Towards an efficient and language-agnostic compliance checker for trust negotiation systems

  • Authors:
  • Adam J. Lee;Marianne Winslett

  • Affiliations:
  • University of Illinois at Urbana-Champaign, Urbana, IL;University of Illinois at Urbana-Champaign, Urbana, IL

  • Venue:
  • Proceedings of the 2008 ACM symposium on Information, computer and communications security
  • Year:
  • 2008

Quantified Score

Hi-index 0.00

Visualization

Abstract

To ensure that a trust negotiation succeeds whenever possible, authorization policy compliance checkers must be able to find all minimal sets of their owners' credentials that can be used to satisfy a given policy. If all of these sets can be found efficiently prior to choosing which set should be disclosed, many strategic benefits can also be realized.
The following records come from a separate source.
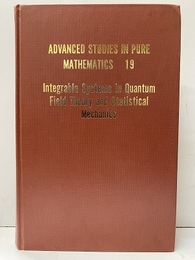 Integrable Systems in Quantum Field Theory and Statistical Mechanics  
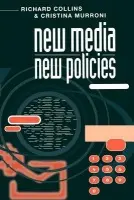 New Media, New Policies - Murroni, Cristina (Institute for Public Policy Research, London) a Collins, Richard (Institute for Public Policy Research, London)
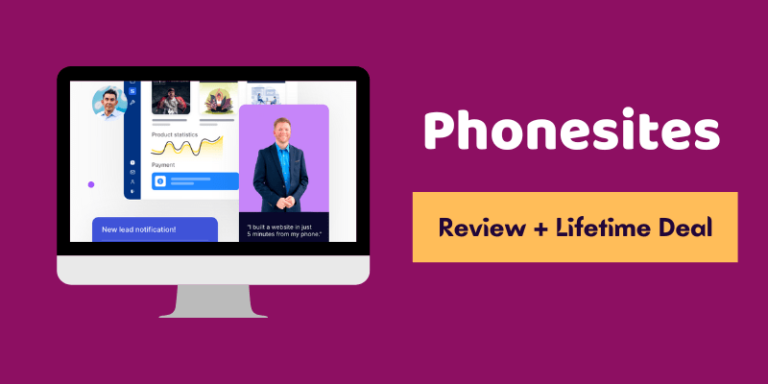 Phonesites Lifetime Deal 2023 – Review, Features, Pricing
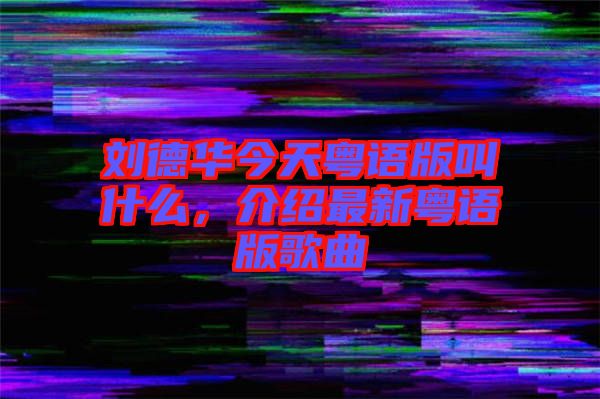 劉德華今天粵語版叫什么，介紹最新粵語版歌曲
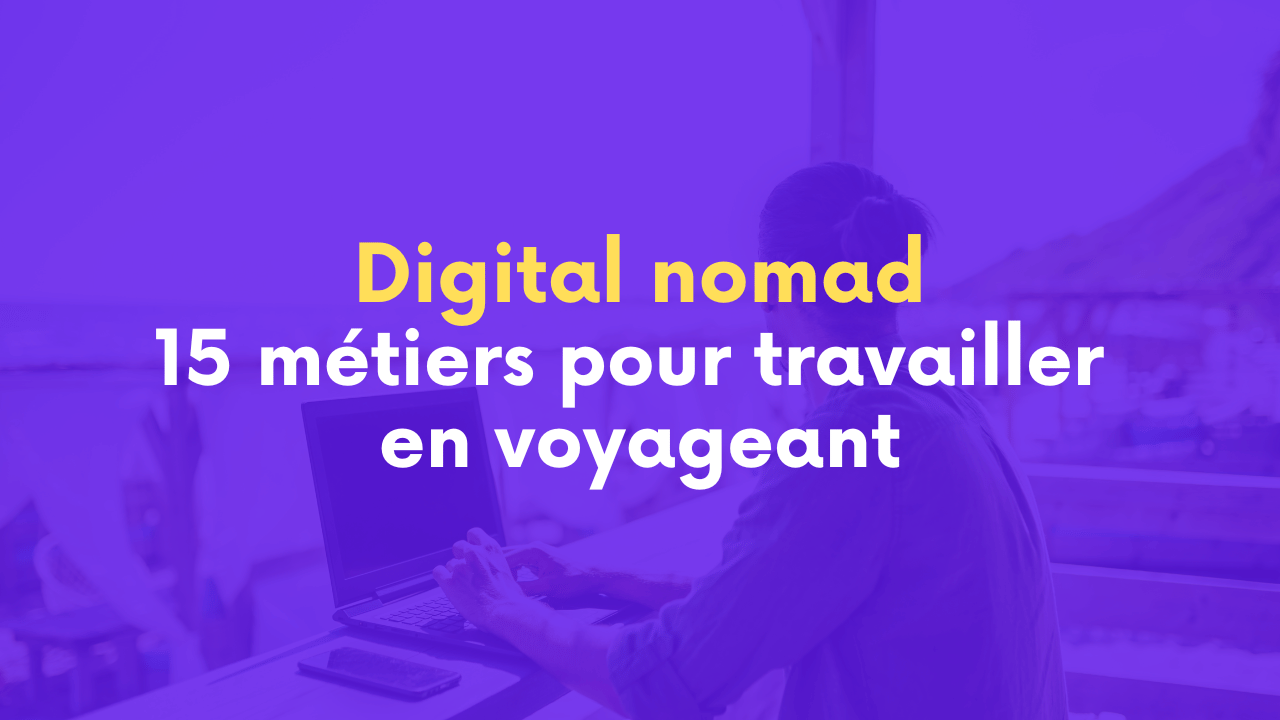 Métiers digital nomad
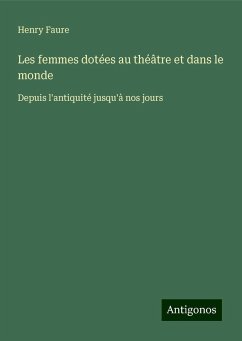 Les femmes dotées au théâtre et dans le monde - Faure, Henry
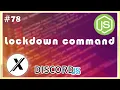 HOW TO MAKE A LOCKDOWN COMMAND DISCORD JS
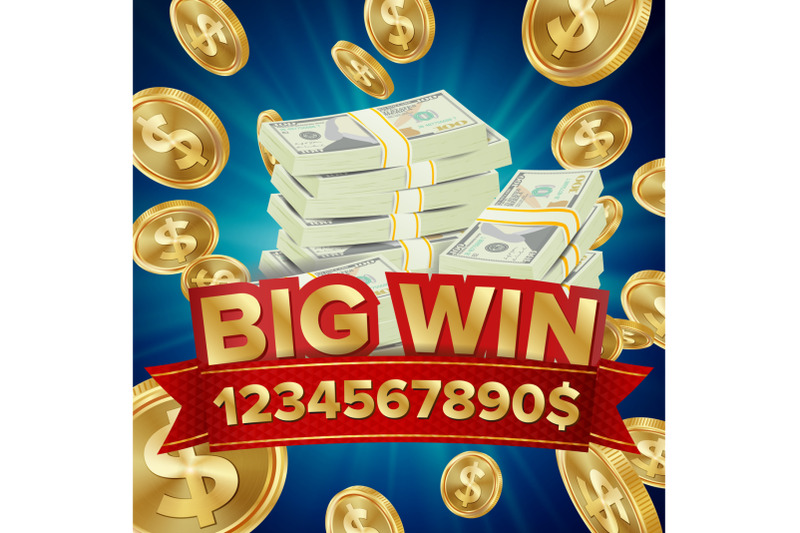 big-win-vector-big-winner-poster-you-win-falling-explosion-golden-coins-dollars-money-banknotes-stacks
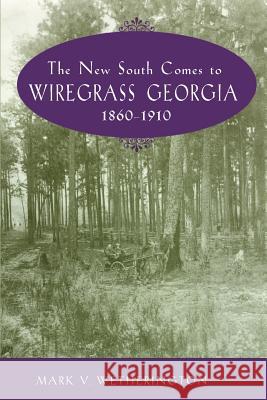 The New South Comes to Wiregrass Georgia, 1860-1910 Mark V. Wetherington 9781572331686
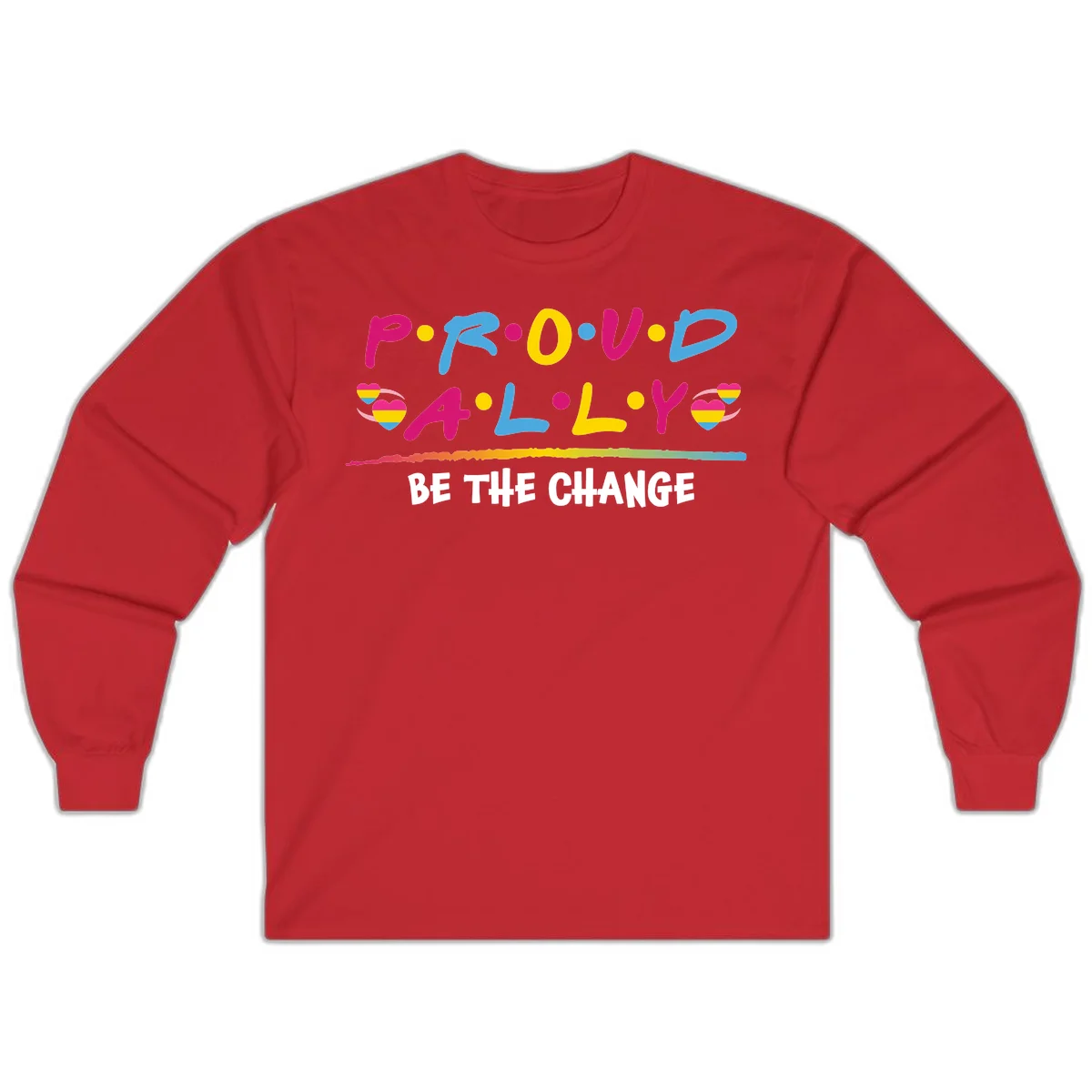 Colorful proud ally pride design with rainbow hearts, bold lettering spelling P.R.O.U.D and A.L.L.Y, and 'BE THE CHANGE' message in Red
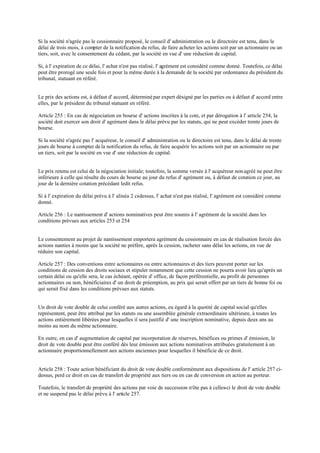 Si la société n'agrée pas le cessionnaire proposé, le conseil d' administration ou le directoire est tenu, dans le
délai de trois mois, à compter de la notification du refus, de faire acheter les actions soit par un actionnaire ou un
tiers, soit, avec le consentement du cédant, par la société en vue d' une réduction de capital.
Si, à l' expiration de ce délai, l' achat n'est pas réalisé, l' agrément est considéré comme donné. Toutefois, ce délai
peut être prorogé une seule fois et pour la même durée à la demande de la société par ordonnance du président du
tribunal, statuant en référé.
Le prix des actions est, à défaut d' accord, déterminé par expert désigné par les parties ou à défaut d' accord entre
elles, par le président du tribunal statuant en référé.
Article 255 : En cas de négociation en bourse d' actions inscrites à la cote, et par dérogation à l' article 254, la
société doit exercer son droit d' agrément dans le délai prévu par les statuts, qui ne peut excéder trente jours de
bourse.
Si la société n'agrée pas l' acquéreur, le conseil d' administration ou le directoire est tenu, dans le délai de trente
jours de bourse à compter dela notification du refus, de faire acquérir les actions soit par un actionnaire ou par
un tiers, soit par la société en vue d' une réduction de capital.
Le prix retenu est celui de la négociation initiale; toutefois, la somme versée à l' acquéreur nonagréé ne peut être
inférieure à celle qui résulte du cours de bourse au jour du refus d' agrément ou, à défaut de cotation ce jour, au
jour de la dernière cotation précédant ledit refus.
Si à l' expiration du délai prévu à l' alinéa 2 ci-dessus, l' achat n'est pas réalisé, l' agrément est considéré comme
donné.
Article 256 : Le nantissement d' actions nominatives peut être soumis à l' agrément de la société dans les
conditions prévues aux articles 253 et 254
Le consentement au projet de nantissement emportera agrément du cessionnaire en cas de réalisation forcée des
actions nanties à moins que la société ne préfère, après la cession, racheter sans délai les actions, en vue de
réduire son capital.
Article 257 : Des conventions entre actionnaires ou entre actionnaires et des tiers peuvent porter sur les
conditions de cession des droits sociaux et stipuler notamment que cette cession ne pourra avoir lieu qu'après un
certain délai ou qu'elle sera, le cas échéant, opérée d' office, de façon préférentielle, au profit de personnes
actionnaires ou non, bénéficiaires d' un droit de préemption, au prix qui serait offert par un tiers de bonne foi ou
qui serait fixé dans les conditions prévues aux statuts.
Un droit de vote double de celui conféré aux autres actions, eu égard à la quotité de capital social qu'elles
représentent, peut être attribué par les statuts ou une assemblée générale extraordinaire ultérieure, à toutes les
actions entièrement libérées pour lesquelles il sera justifié d' une inscription nominative, depuis deux ans au
moins au nom du même actionnaire.
En outre, en cas d' augmentation de capital par incorporation de réserves, bénéfices ou primes d' émission, le
droit de vote double peut être conféré dès leur émission aux actions nominatives attribuées gratuitement à un
actionnaire proportionnellement aux actions anciennes pour lesquelles il bénéficie de ce droit.
Article 258 : Toute action bénéficiant du droit de vote double conformément aux dispositions de l' article 257 ci-
dessus, perd ce droit en cas de transfert de propriété aux tiers ou en cas de conversion en action au porteur.
Toutefois, le transfert de propriété des actions par voie de succession n'ôte pas à celles-ci le droit de vote double
et ne suspend pas le délai prévu à l' article 257.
Unfortunately, solving this problem using existing compliance checkers is too inefficient to be useful in practice. Specifically, the overheads of finding all satisfying sets using existing approaches have been shown to rapidly grow exponentially in the size of the union of all satisfying sets of credentials for the policy, even after optimizations have been made to prune the search space for potential satisfying sets. In this paper, we describe the Clouseau compliance checker. Clouseau leverages efficient pattern-matching algorithms to find all satisfying sets of credentials for a given policy in time that grows as O(NA), where N is the number of satisfying sets for the policy and A is the average size of each satisfying set. We describe the design and implementation of the Clouseau compliance checker, evaluate its performance, and show that it vastly outperforms existing approaches to finding all satisfying sets of credentials. We then present a method for automatically compiling RT policies into a format suitable for analysis by Clouseau and prove its correctness and completeness.